> Task to complete
The part below that opens with the line containing "Property at 243 Mindy Ct SE, Leesburg, VA" and closes with the line containing "sala za fizicko u kojoj se izvodi predstava" should be copied exactly, minus any pictures.

> Entries supplied
-*-
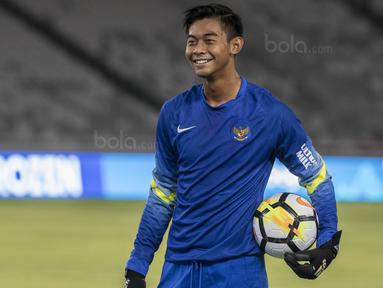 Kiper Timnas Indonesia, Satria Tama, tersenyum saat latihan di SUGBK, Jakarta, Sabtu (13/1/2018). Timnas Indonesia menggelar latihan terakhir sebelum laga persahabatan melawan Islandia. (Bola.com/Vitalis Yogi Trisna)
-*-
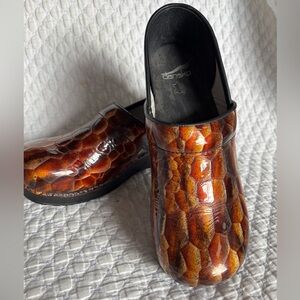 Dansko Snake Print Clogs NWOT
-*-
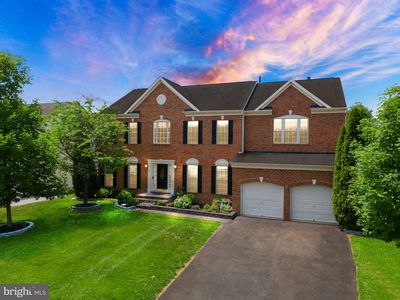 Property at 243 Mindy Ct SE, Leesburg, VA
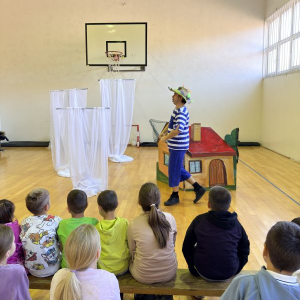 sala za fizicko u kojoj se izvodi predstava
-*-
> Answer for this exercise
 Property at 243 Mindy Ct SE, Leesburg, VA
 sala za fizicko u kojoj se izvodi predstava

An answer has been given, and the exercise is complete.